In 1946, Boston pharmacist Minna Seiniger wrote to President Harry S. Truman to seek his help with a workplace dispute with her longtime employer, Liggett’s Pharmacy. Seiniger’s troubles had begun several months earlier when she was transferred to a different branch of the store, where Mr. Milligan, “a lively new assistant manager” eager to prove himself, “started in on” her. The pharmacists’ union had recently negotiated a sizable pay raise in exchange for a modest bump in their weekly hours, and Milligan responded by squeezing more work out of the pharmacists. When Seiniger refused to stay late one night to make fifty extra pill capsules, her manager grew “extremely angry” and began “accenting his remarks by poking at my shoulder with his finger.” Milligan also added to Seiniger’s duties, demanding that she “carry in the empty bottles and clean the shelves on a ladder” despite her fragile health on account of her recent spinal bone graft surgery. But Seininger also felt she’d been wronged by her union, as the new longer hours left her “terribly run down.” After Seiniger lost her job upon presenting these concerns to the company, the union refused to help because she had not taken the established steps for filing a grievance. Joining the millions of other workers who petitioned the executive branch in the 1930s and 1940s, Seiniger asked Truman to intervene with both the union and the company. Specifically, she wanted him [End Page 250] to convince Liggett’s to reinstate her, to hire an assistant to handle the physically taxing chores Milligan had assigned her, and to make the new longer hours optional. Anticipating Truman’s resistance, Seiniger reminded him, “My problem may seem to be a very trivial one to you, but it is the individuals that make up the nation.”1

Seiniger hoped to draw Truman’s personal attention to her many work-place concerns: long hours, inflexibility, a capricious supervisor, an unresponsive union, health and safety hazards, and assaults on her dignity. Instead, his office forwarded her letter to the Women’s Bureau of the U.S. Department of Labor, an agency that shared Seiniger’s assumption that the government should defend women against exploitive working conditions. When Seiniger put pen to paper in 1946, each state regulated women’s encounters with the labor market, and her state of Massachusetts established some of the earliest and most comprehensive laws. Seiniger received a prompt letter of response from Anne Larrabee, the bureau’s acting director, but its contents surely left her dissatisfied. While the bureau was “very sympathetic with your situation,” Larrabee explained, her employer’s actions cleared the bar set by existing standards.2 Federal laws regulated workers’ wages and hours only where their workplaces engaged in interstate commerce, and her pharmacy did not fall into this category. Her wages and hours were legal under Massachusetts’ sex-specific regulatory framework, and workplace safety provisions in the state applied only to women in industrial occupations. Larrabee made no reference to Seiniger’s concerns about the union’s failure to help or the new boss’ disrespectful attitude toward her. Seiniger thus saw her intertwined demands for redress tailored to her personal situation fall between the cracks in the precarious edifice of worker protections.

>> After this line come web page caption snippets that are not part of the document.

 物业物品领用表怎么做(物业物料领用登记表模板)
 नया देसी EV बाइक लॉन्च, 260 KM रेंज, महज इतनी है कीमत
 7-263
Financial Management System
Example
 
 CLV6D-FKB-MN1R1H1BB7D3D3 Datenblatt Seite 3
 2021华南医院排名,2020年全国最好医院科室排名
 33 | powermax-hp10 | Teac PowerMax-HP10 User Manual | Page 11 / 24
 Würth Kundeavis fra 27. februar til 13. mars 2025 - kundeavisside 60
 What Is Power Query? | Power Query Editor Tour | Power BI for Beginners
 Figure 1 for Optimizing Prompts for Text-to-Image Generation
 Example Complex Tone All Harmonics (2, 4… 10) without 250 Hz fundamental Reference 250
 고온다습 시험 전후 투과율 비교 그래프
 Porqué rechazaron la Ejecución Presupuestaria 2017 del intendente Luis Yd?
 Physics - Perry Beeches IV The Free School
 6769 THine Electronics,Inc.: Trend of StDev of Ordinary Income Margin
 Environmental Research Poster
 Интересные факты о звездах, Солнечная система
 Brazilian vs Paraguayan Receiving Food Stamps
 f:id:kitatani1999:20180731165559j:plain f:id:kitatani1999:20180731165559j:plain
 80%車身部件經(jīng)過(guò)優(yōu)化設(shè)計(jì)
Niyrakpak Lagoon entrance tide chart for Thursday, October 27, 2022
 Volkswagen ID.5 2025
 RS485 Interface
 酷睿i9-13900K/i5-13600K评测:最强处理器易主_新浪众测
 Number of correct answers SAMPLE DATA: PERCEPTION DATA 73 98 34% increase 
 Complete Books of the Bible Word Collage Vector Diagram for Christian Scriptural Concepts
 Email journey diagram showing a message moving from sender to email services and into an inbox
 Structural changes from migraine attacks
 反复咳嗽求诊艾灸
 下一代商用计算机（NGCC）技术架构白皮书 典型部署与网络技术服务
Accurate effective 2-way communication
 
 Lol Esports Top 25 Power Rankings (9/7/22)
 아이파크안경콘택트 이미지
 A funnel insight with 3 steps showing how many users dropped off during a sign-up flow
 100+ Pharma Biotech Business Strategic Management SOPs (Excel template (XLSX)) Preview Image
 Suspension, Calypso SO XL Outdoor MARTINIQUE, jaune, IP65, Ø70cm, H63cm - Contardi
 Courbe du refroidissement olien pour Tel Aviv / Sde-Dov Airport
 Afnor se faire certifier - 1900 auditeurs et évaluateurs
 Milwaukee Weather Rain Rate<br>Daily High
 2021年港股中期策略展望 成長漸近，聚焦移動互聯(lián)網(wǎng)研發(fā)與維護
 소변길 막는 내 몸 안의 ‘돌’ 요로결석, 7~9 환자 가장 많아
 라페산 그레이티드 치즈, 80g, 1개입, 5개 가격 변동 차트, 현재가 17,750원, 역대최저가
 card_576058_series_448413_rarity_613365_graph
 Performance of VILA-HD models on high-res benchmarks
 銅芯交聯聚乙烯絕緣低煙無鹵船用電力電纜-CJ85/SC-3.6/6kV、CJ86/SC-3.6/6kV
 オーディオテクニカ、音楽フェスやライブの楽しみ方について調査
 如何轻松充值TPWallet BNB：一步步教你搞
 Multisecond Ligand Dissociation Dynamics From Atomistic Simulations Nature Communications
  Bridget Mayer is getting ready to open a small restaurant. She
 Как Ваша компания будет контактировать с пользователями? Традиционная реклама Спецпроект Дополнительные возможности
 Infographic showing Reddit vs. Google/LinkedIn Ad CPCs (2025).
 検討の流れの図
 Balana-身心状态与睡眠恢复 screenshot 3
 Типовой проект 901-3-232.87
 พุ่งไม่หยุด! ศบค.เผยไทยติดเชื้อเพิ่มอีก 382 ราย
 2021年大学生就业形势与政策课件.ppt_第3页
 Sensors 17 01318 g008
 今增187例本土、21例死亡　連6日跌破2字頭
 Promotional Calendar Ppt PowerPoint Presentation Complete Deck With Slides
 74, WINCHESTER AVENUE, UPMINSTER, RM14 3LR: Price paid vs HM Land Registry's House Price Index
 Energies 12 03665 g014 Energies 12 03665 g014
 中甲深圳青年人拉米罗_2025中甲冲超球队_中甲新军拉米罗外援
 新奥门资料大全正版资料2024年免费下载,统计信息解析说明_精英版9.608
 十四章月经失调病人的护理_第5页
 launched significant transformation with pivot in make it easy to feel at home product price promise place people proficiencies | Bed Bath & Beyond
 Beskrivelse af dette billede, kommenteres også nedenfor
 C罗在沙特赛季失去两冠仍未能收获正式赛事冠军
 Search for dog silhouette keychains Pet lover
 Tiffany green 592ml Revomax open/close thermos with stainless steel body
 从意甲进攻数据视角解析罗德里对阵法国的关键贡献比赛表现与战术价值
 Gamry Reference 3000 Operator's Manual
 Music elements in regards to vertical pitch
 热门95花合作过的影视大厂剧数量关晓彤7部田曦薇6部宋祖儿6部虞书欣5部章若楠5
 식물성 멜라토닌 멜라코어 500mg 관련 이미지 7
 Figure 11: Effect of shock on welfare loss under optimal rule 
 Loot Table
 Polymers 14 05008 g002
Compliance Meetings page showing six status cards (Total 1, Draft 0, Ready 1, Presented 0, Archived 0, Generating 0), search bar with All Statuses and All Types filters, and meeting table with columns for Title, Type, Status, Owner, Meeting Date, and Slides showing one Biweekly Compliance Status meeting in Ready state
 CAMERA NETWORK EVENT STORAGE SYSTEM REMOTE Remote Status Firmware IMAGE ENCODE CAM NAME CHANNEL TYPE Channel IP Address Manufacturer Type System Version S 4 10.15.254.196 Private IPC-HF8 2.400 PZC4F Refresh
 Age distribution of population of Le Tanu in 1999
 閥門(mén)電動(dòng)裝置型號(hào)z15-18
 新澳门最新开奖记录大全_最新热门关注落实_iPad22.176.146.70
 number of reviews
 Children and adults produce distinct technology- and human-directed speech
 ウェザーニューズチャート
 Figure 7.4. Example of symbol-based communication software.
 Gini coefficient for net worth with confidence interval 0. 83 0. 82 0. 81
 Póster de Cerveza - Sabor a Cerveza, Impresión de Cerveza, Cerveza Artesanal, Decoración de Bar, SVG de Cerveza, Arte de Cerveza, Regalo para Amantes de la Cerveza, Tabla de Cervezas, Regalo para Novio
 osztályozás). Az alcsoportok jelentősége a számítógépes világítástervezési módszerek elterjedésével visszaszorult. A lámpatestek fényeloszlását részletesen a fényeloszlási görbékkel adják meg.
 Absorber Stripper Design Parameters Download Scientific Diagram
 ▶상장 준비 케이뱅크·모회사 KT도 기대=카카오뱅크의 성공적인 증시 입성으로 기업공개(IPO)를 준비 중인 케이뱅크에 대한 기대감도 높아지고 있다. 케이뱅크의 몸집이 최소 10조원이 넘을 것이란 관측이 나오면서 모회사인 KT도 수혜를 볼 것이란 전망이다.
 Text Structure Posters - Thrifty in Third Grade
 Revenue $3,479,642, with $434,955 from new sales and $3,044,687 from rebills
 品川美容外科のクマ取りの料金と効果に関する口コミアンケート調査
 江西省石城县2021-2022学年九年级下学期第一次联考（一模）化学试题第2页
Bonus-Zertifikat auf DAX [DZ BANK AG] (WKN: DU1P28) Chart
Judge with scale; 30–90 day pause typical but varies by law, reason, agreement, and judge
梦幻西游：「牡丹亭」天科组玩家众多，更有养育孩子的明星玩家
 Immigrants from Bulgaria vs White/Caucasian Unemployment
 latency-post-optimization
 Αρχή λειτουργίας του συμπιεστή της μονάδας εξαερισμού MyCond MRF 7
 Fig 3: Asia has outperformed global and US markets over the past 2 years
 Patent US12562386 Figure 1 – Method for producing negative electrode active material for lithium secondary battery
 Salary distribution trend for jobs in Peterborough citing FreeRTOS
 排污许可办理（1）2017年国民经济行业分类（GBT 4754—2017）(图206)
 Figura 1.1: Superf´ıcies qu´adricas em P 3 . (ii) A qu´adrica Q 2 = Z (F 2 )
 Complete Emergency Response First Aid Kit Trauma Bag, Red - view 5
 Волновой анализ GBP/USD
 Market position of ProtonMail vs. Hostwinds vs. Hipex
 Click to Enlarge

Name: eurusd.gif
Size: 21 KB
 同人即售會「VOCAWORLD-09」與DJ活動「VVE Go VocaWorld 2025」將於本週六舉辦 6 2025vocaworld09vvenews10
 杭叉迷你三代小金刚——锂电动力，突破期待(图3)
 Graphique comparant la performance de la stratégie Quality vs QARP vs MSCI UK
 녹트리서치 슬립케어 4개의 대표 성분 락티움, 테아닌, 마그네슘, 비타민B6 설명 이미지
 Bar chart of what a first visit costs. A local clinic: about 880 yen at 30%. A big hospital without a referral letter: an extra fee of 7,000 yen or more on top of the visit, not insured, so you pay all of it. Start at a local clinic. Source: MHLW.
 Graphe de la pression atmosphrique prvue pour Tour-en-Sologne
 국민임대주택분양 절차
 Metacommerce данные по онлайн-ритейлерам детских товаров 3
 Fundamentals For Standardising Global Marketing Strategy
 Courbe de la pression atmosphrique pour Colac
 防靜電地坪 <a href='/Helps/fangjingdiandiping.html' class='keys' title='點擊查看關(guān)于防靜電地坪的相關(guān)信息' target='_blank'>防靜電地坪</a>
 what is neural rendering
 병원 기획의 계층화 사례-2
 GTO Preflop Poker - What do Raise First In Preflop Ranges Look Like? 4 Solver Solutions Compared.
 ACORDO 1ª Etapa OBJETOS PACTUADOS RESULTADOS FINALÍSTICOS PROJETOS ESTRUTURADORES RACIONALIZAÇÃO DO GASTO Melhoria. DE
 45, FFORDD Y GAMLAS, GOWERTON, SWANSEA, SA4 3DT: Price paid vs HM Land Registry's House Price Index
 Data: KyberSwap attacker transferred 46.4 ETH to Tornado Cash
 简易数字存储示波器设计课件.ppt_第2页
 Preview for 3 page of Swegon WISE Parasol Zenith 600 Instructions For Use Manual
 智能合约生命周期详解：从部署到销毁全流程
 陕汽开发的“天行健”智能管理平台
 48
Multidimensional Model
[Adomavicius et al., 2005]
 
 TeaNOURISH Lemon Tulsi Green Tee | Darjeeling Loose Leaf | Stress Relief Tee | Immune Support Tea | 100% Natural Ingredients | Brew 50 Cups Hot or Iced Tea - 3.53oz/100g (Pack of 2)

Workers like Seiniger, especially with the rise of the New Deal broker state in the 1930s, envisioned federal officials as sympathetic allies who would believe their testimonies of unfair treatment and address their grievances as they understood them.3 But the officials who handled claims like hers worked within existing legal frameworks that assigned regulation of intrastate commerce to the states, sorting workers according to sex and treating each sex as a coherent group.4 When the U.S. Supreme Court rejected states’ efforts to establish sex-neutral labor standards in the 1905 case Lochner v. New York, labor reformers developed a sex-specific strategy that legitimated state intervention into women’s working conditions on account of their presumed vulnerability and their status as current or potential mothers. The Supreme Court affirmed this logic...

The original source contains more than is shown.